Name Quantity Cost/Share
Stuart (S. Gould) 3923 $10
Jay (Gould) 3923 $10
The purchase price was paid through delivery to the Sellers of the personal notes of the respective purchasers.
5. On or about June 7, 1974, Jay requested Stuart to assume the responsibilities of Jay under the purchase agreement of April 24, 1974, to take the number of shares allocated thereunder to Jay and to pay the notes of Jay delivered as consideration for such shares as the notes came due. Stuart, who is the father of Jay, agreed to do so. Such agreement is not evidenced by any writing subscribed by the defendants, but is acknowledged by both of them to have taken place. Jay filed with the Securities and Exchange Commission a contemporaneous Form 4 reporting the disposition of the said 3923 shares as a "Private Sale" consummated on June 7, 1974 at a price of $10 per share. Stuart filed with the Securities and Exchange Commission a contemporaneous Form 4 reporting the acquisition of the said 3923 shares as a "Private Purchase" consummated on June 7, 1974 at a price of $10 per share.

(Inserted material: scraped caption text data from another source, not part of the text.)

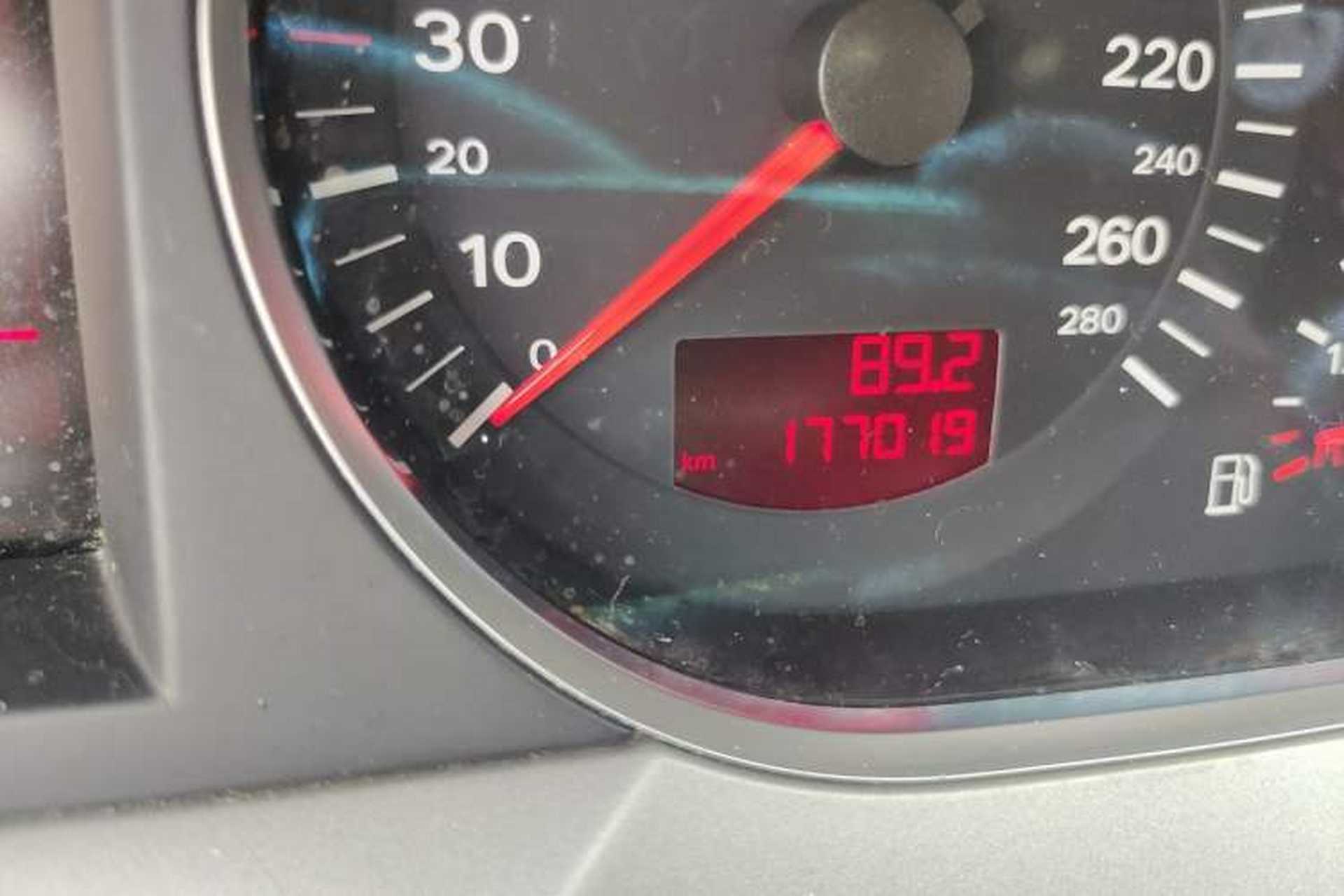 Used Audi A6L 2008 2.8 FSI Comfort & Entertainment Edition Odometer Close Up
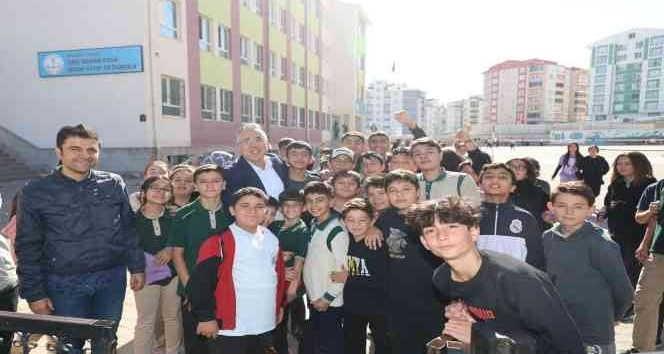 Başkan Savran mahalle ziyaretlerinde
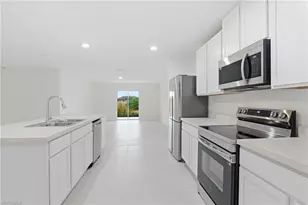 3418 20th St SW, Lehigh Acres, FL 33976 - Photo 10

6. On or about March 12, 1975, prior to the due date of any note delivered as consideration to the sellers, Jay and Stuart agreed that Jay would reassume his obligation to take 1962 shares and his obligation to pay the notes relative thereto when due and that Stuart would be relieved of those obligations.
7. On or about April 1, 1975, prior to the due date of any note delivered as consideration to the sellers, Jay and Stuart agreed that Jay would reassume his obligation to take an additional 1963 shares and his obligation to pay the notes relative thereto when due and that Stuart would be relieved of those obligations.
8. Jay and Stuart filed with the Securities and Exchange Commission contemporaneous Forms 4 reporting the disposition by Stuart as "Private Seller" and the acquisition of Jay as "Private Purchaser" consummated on March 12, 1975 and April 1, 1975 at prices of $10 per share. Thereafter in June of 1976 amendments to the said Forms 4 for the months of March, 1975 and April, 1975 were filed.
9. Defendant Stuart at times relevant to this action, purchased inter alia, the following Securities of the Trust:
Date Quantity Cost/Share
10/23/74 2000 $4.50
12/13/74 100 4.25
12/20/74 500 4.00
12/31/74 100 3.50
1/6/75 100 3.25
1/9/75 1000 3.25
1/20/75 100 4.25
5/9/75 100 4.25
5/14/75 100 4.25
5/23/75 100 4.25
6/6/75 100 4.25
6/18/75 100 4.00
6/25/75 200 3.87
6/27/75 100 4.00
7/7/75 100 4.00
9/8/75 100 4.00
Defendant Stuart purchased additional Securities of the Trust at times relevant to this action, all such purchases at a cost per share higher than that paid for the above listed Securities. Plaintiff makes no claim of liability with respect to such other transactions.
10. Defendant Jay, at times relevant to this action, purchased the following Securities of the Trust:
Date Quantity Cost/Share
7/17/74 100 6-7/8
9/6/74 100 6-1/2
9/27/74 700 6
10/15/74 300 5-1/2
10/16/74 100 5-1/2
Defendant Jay purchased or acquired interests in additional Securities at times relevant to this action. Plaintiff makes no claim of liability with respect to such other transactions.
11. Plaintiff is a shareholder of the Trust, having become such on April 9, 1976. Plaintiff was not a shareholder of said Trust at the time of the violations complained of.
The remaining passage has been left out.